*Available data*.
──────

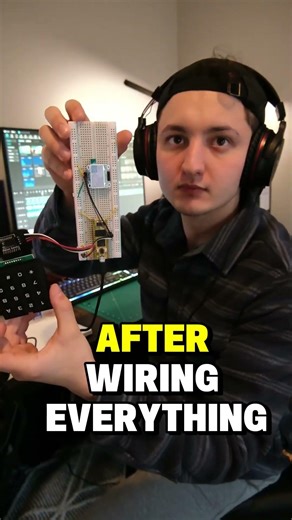 Making a Pocket Sampler!!!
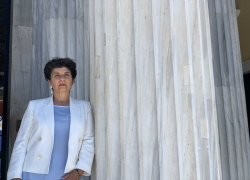 Κ. Μάλαμα: «Η κοινωνία ζητά κάθαρση και δικαιοσύνη για το έγκλημα των Τεμπών»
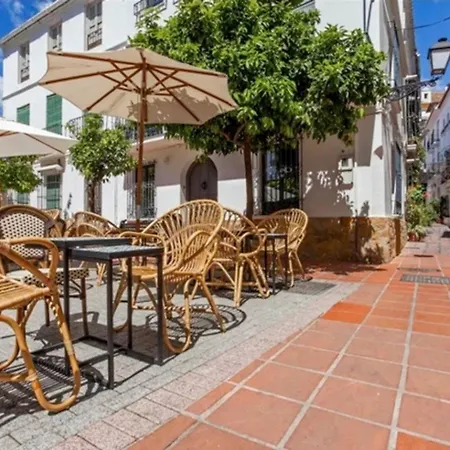 Apartman Bright Close To The Sea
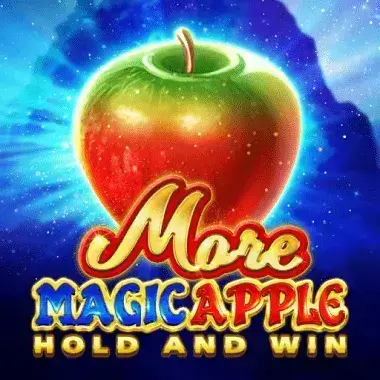 Play Speel More Magic Apple bij Malina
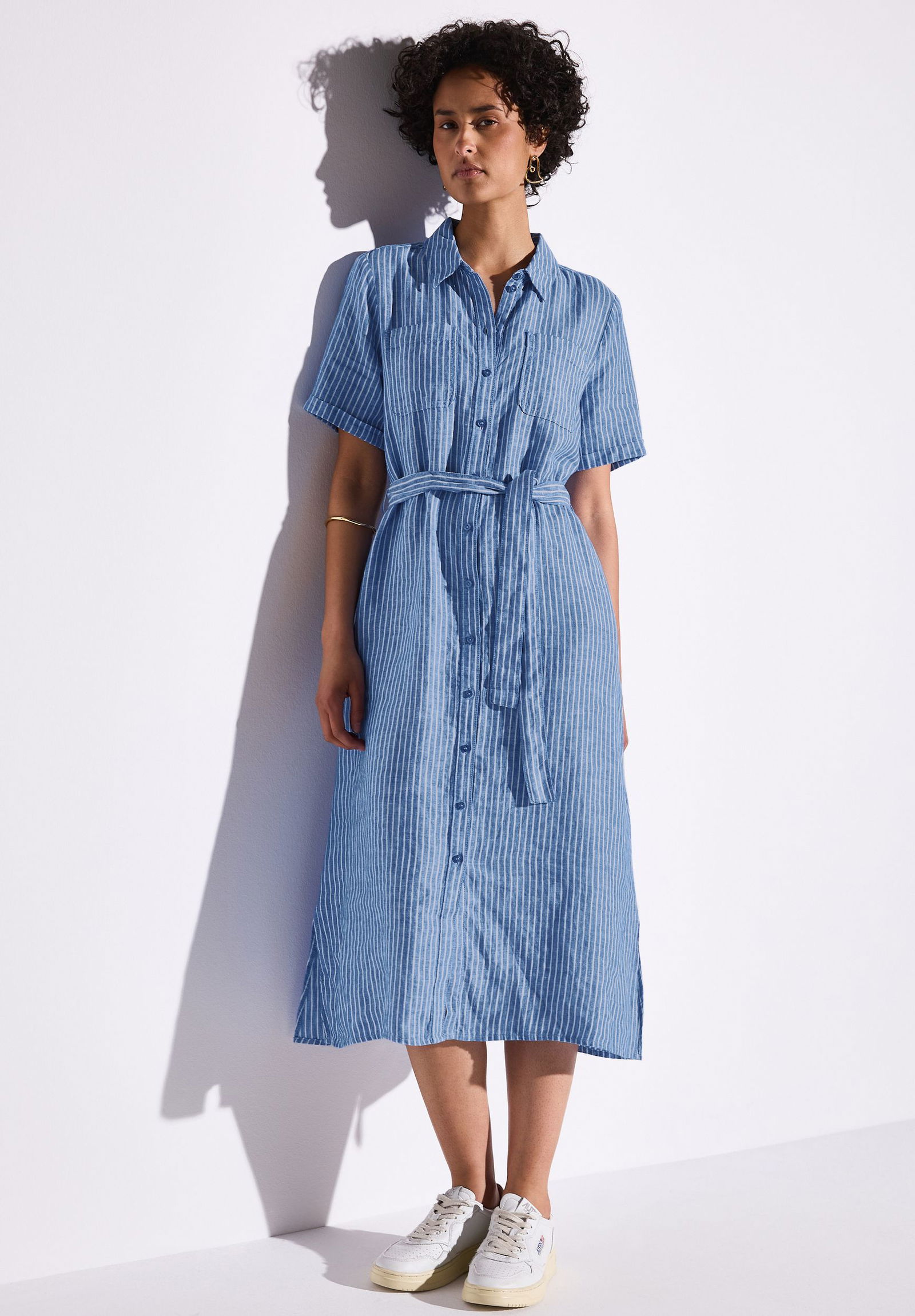 Street One |  Street One Sommerkleid  | 36 | 4565_26266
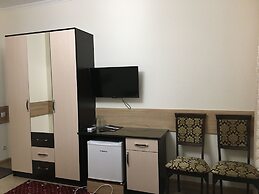 Guest House Sosnovaya Rosha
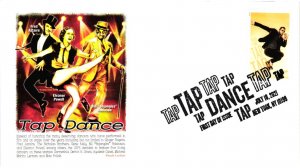 #5609-5613 TAP DANCE SET OF 5 COVERS Forever - Panda Cachet – EV25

──────

*Task requirements*. Please repeat, exactly and with nothing else, the lines from the one containing "Apartman Bright Close To The Sea" to the last line of the entries, both included, excluding any pictures.

*Solution to the problem*.
 Apartman Bright Close To The Sea
 Play Speel More Magic Apple bij Malina
 Street One |  Street One Sommerkleid  | 36 | 4565_26266
 Guest House Sosnovaya Rosha
 #5609-5613 TAP DANCE SET OF 5 COVERS Forever - Panda Cachet – EV25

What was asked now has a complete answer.